En segundo lugar, a los discípulos se les pide vivir su vida personal en clave de misión. Jesús los envía al mundo no sólo para realizar la misión, sino también y sobre todo para vivir la misión que se les confía; no sólo para dar testimonio, sino también y sobre todo para ser sus testigos. Como dice el apóstol Pablo con palabras muy conmovedoras: «Siempre y en todas partes llevamos en el cuerpo la muerte de Jesús, para que también la vida de Jesús se manifieste en nuestro cuerpo» (2 Co 4,10). La esencia de la misión es dar testimonio de Cristo, es decir, de su vida, pasión, muerte y resurrección, por amor al Padre y a la humanidad. No es casual que los Apóstoles hayan buscado al sustituto de Judas entre aquellos que, como ellos, fueron "testigos de la resurrección" (cf. Hch 1,22). Es Cristo, Cristo resucitado, a quien debemos testimoniar y cuya vida debemos compartir. Los misioneros de Cristo no son enviados a comunicarse a sí mismos, a mostrar sus cualidades o capacidades persuasivas o sus dotes de gestión, sino que tienen el altísimo honor de ofrecer a Cristo en palabras y acciones, anunciando a todos la Buena Noticia de su salvación con alegría y franqueza, como los primeros apóstoles.

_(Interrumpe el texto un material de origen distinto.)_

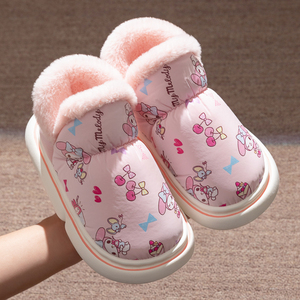 女童棉拖鞋冬季包跟新款厚底防滑室内防水面加绒保暖儿童棉拖鞋女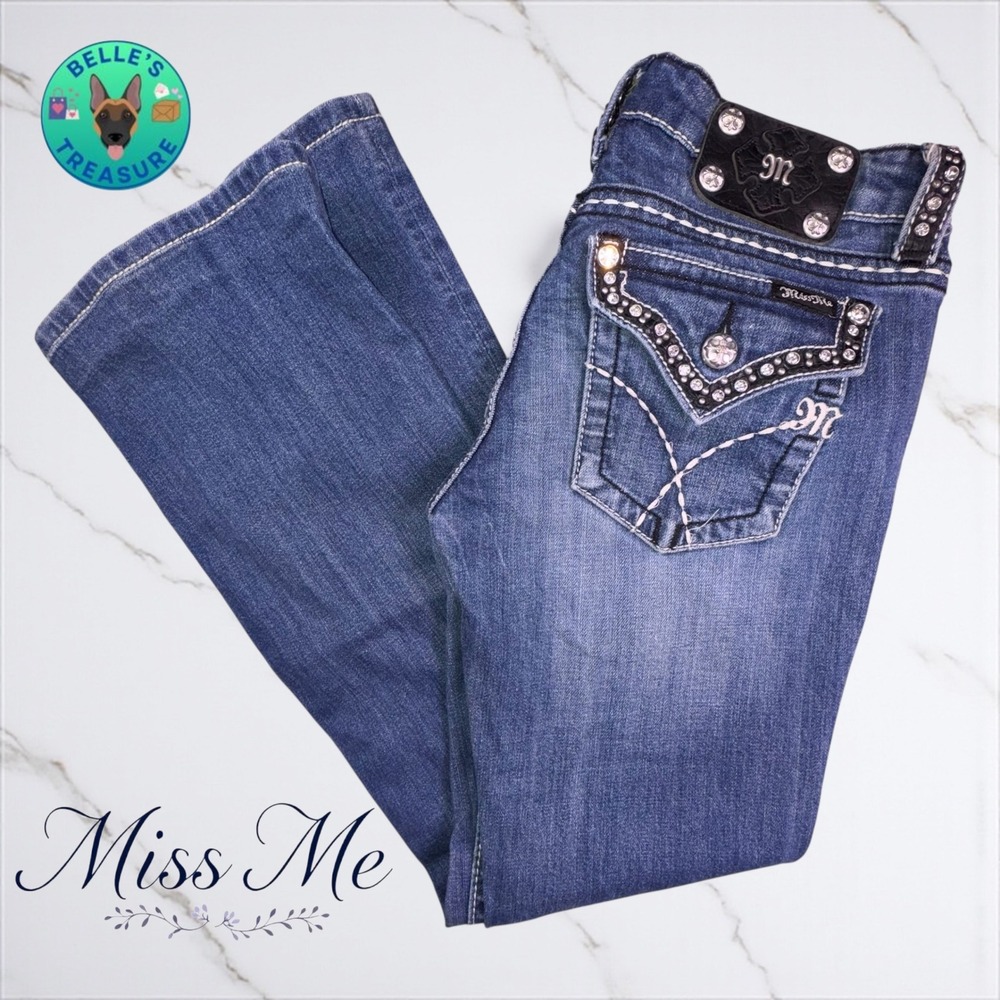 Miss Me Jeans Womens 28 Boot Cut Embellished Rhinestone Low Rise Booty Bling‎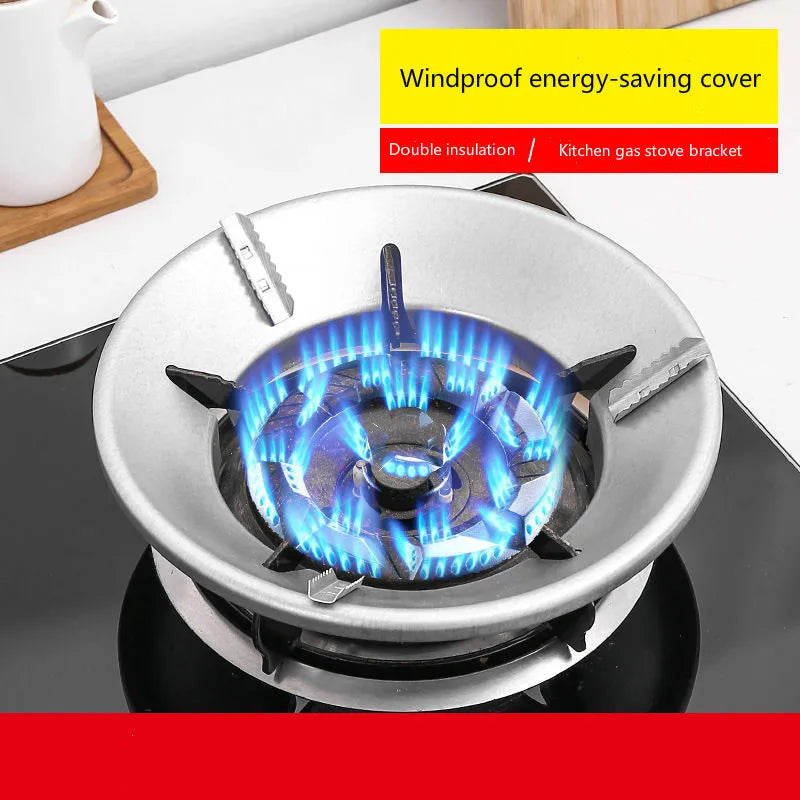 Fireproof Windshield Save Gas Cover Windproof Ring Anti-skid Bracket Thicken Gas Stove Energy-saving Ring Qme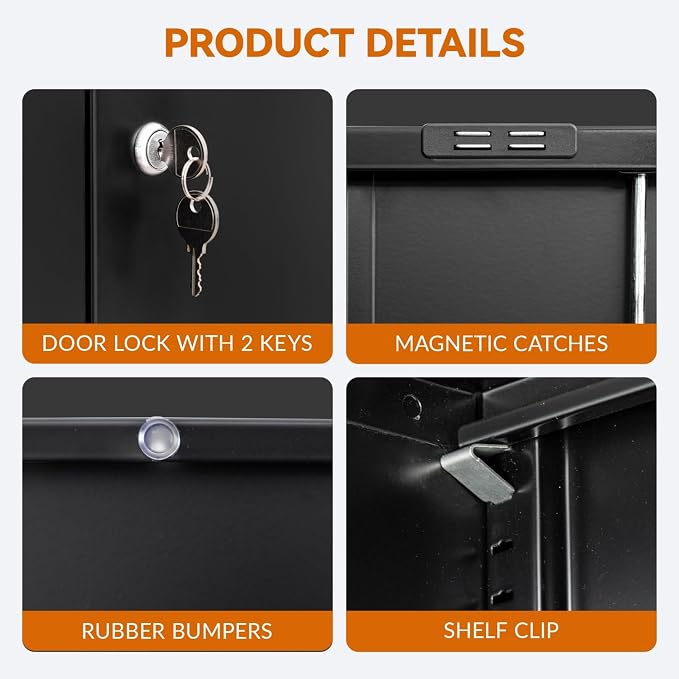 BESFUR Metal Garage Storage Cabinet with One Lockable Drawer 2 Locking Doors and an Adjustable Shelf, 36" Black Metal Short Storage Cabinet for Home Office,Garage,School,Utility Room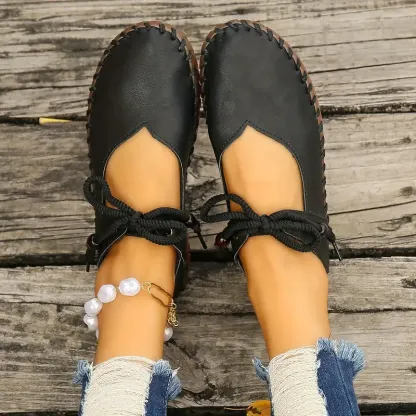  Women's Elegant Comfortable Lace-Up Versatile Shoes Nurse Work Flats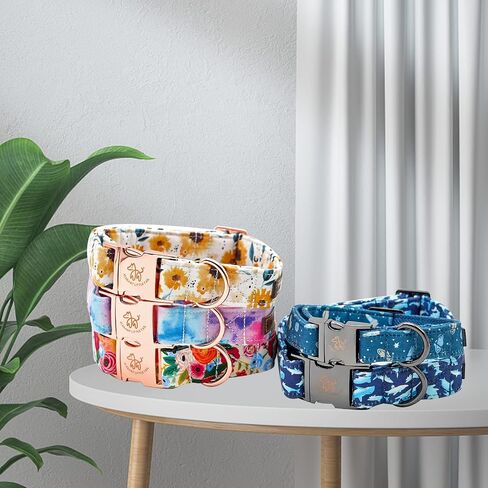 Elegant little tail Dog Collar, Pink Floral Print Pet Collar Summer Dog Collar Pet Collar Dog Cotton Durable Dog Collar Metal Buckle Collar for Medium Dogs, Blue Flower in Saudi Arabia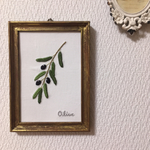 新作♡標本風オリーブ刺繍のフレーム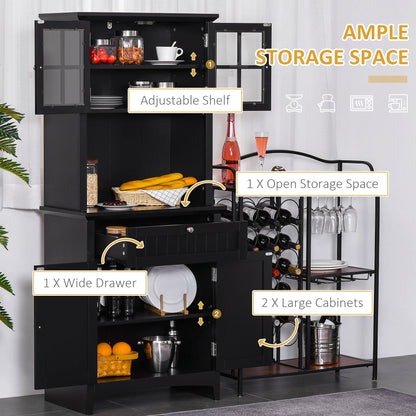 Sleek Black Kitchen Pantry Cabinet with Hutch and Adjustable Shelves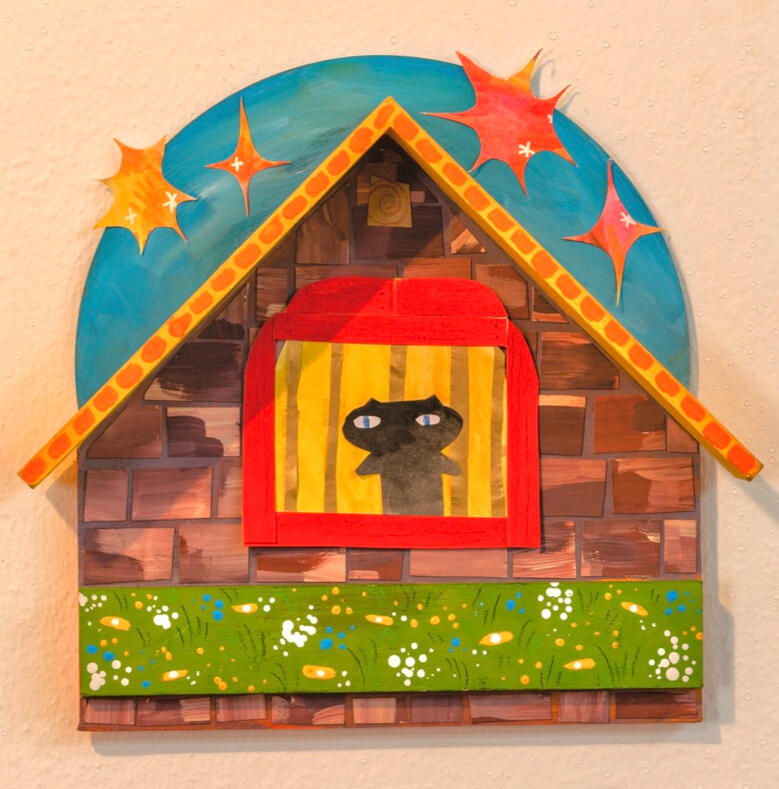 Gato na Janela, 2023. Pintura Acrilica e Colagem em MDF. 20x18x4cm. Kezia Mausolf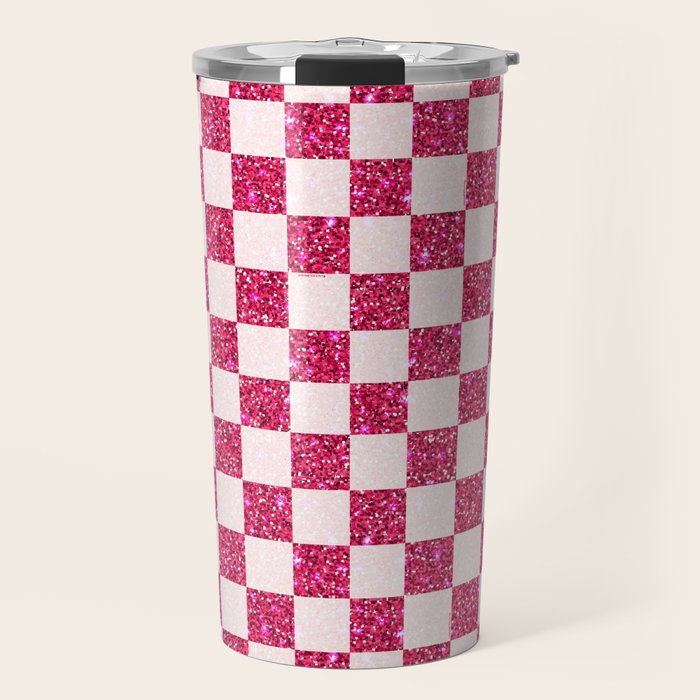 Pink Glitter Checkered Print in Cream Travel Mug Gallery Image 1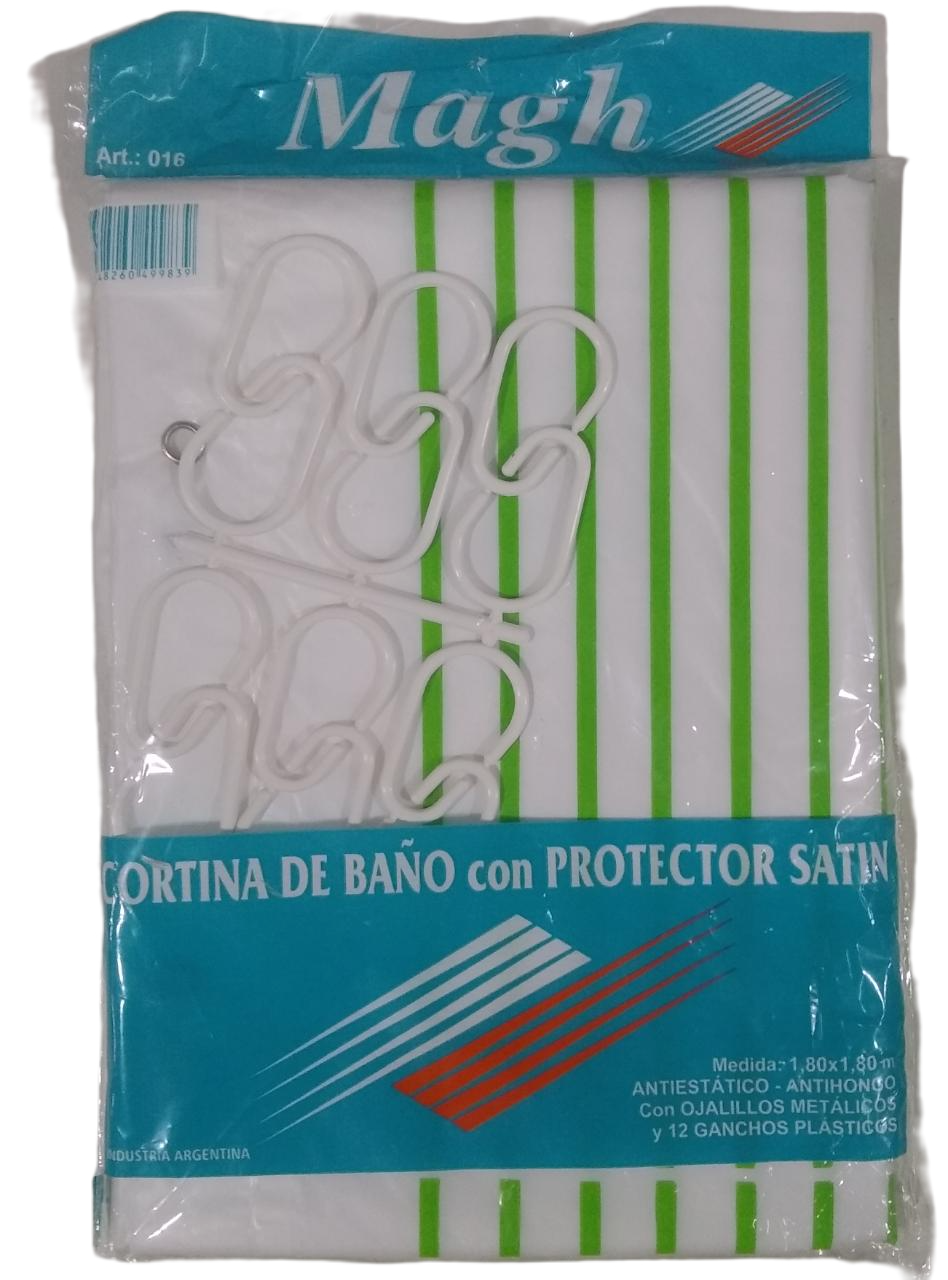 MAGH CORTINA 016 C/GANCHO+PROTECTOR SATEN BAñO 1.80 X 1.80 CORTINAS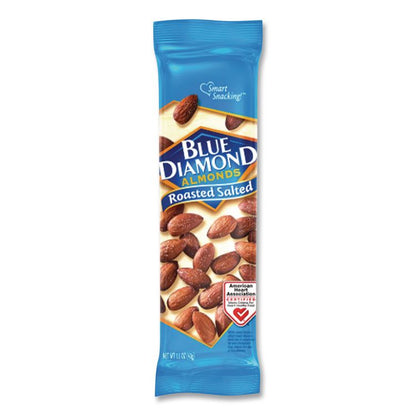 Roasted Salted Almonds, 1.5 oz Tube, 12 Tubes/Carton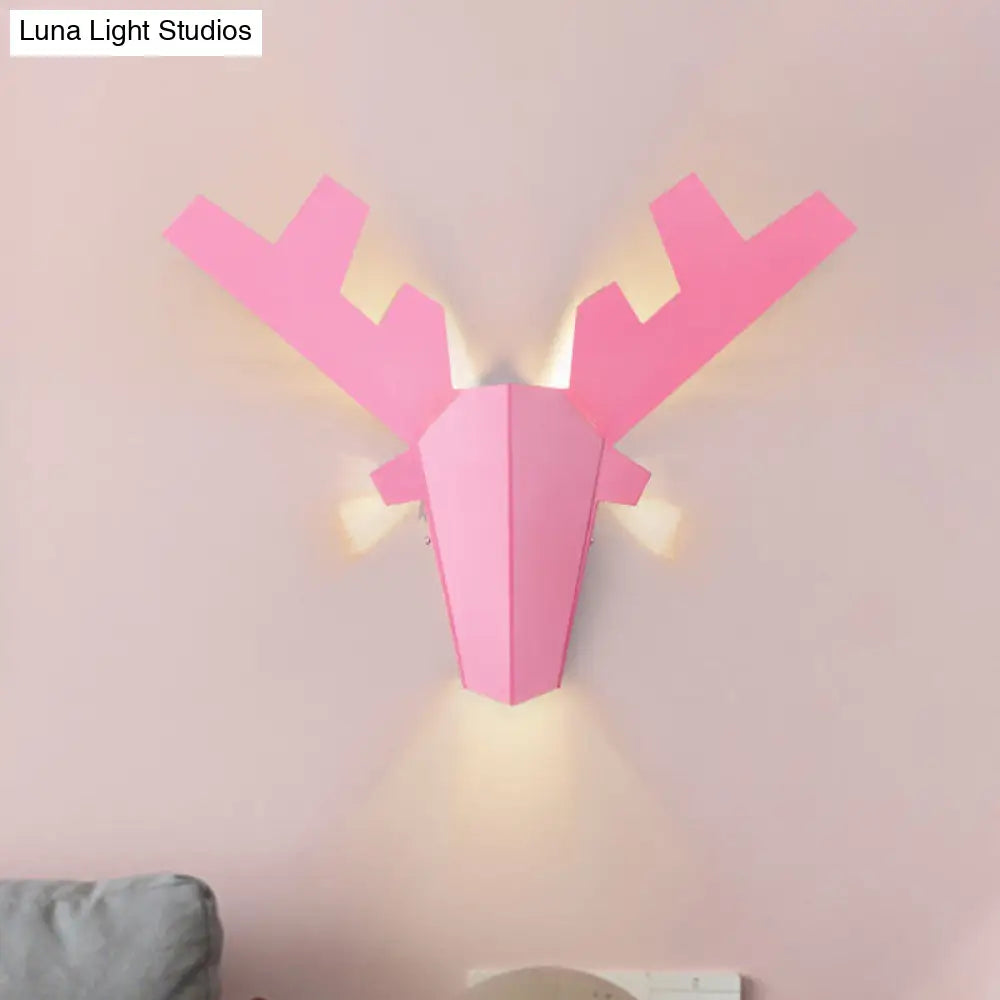 DecorBites™ Modern Nordic Antler Sconce Light, Grey/Pink Metal Wall Mount Fixture, 11"/15" Wide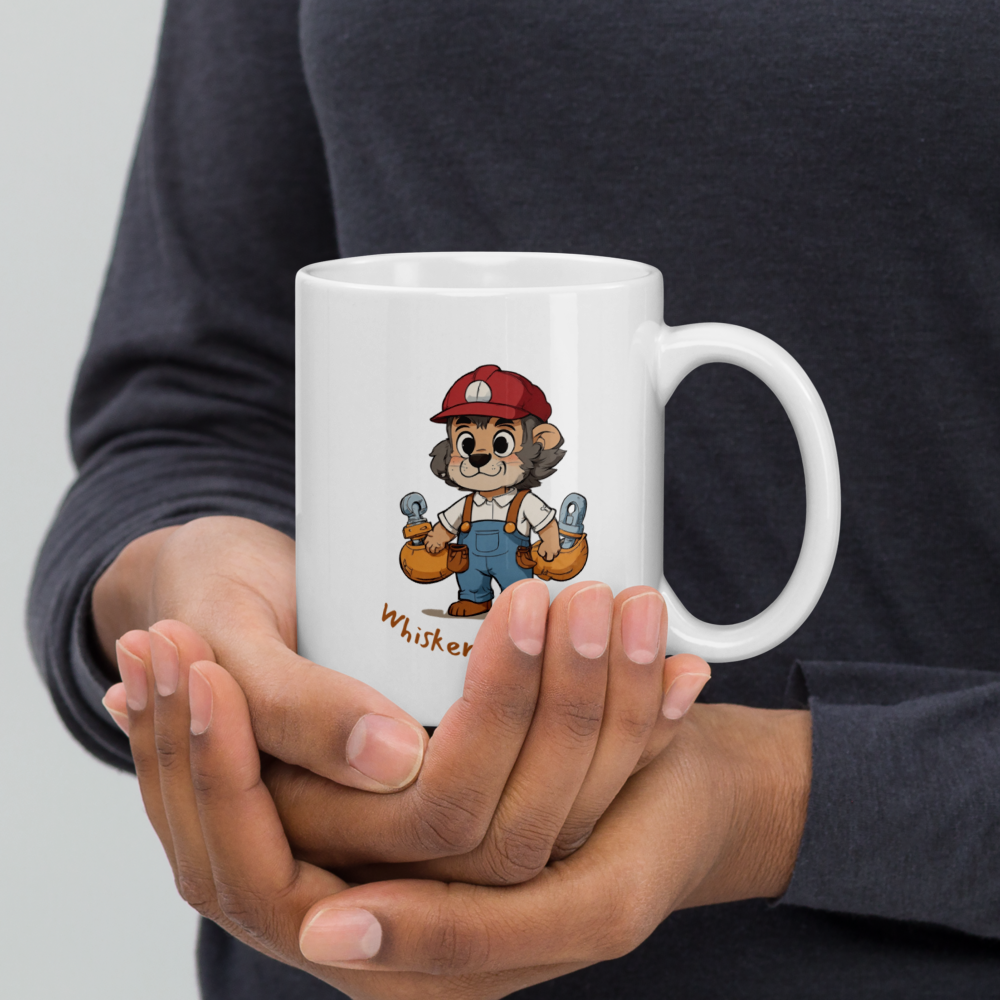 Whiskered Worker White Glossy Mug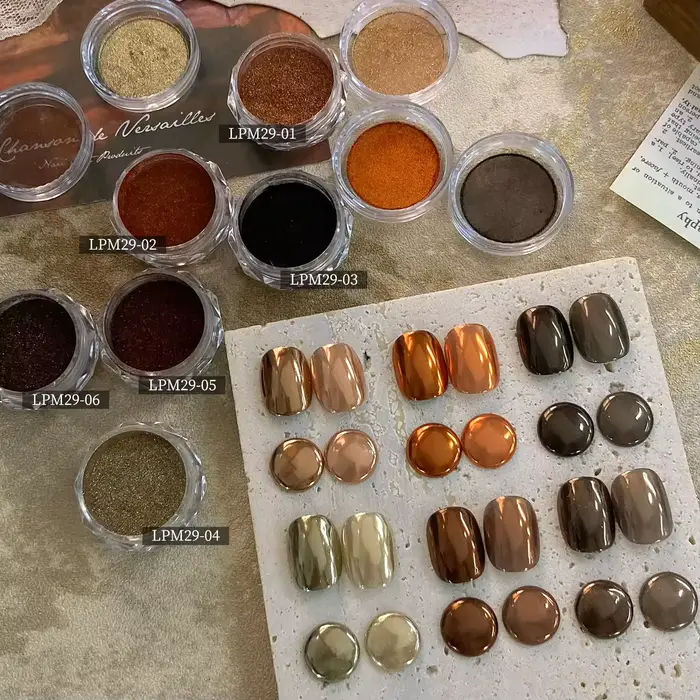 Nouveau Hiver et automne couleur en option miroir poudre ongles gel
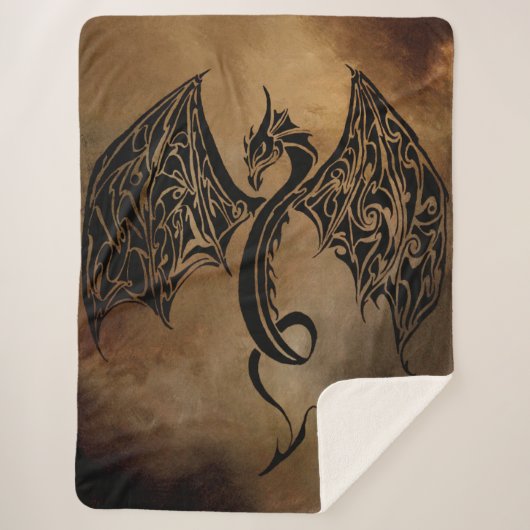 Stone Dragon Tribal Sherpa Deken (Voorkant)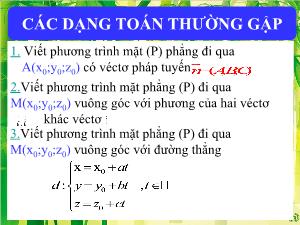 Giáo án lớp 12 môn Đại số - Các dạng toán thường gập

Por eso, en definitiva, el verdadero testigo es el "mártir", aquel que da la vida por Cristo, correspondiendo al don de sí mismo que Él nos hizo. «La primera motivación para evangelizar es el amor de Jesús que hemos recibido, esa experiencia de ser salvados por Él que nos mueve a amarlo siempre más» (Exhort. ap. Evangelii gaudium, 264).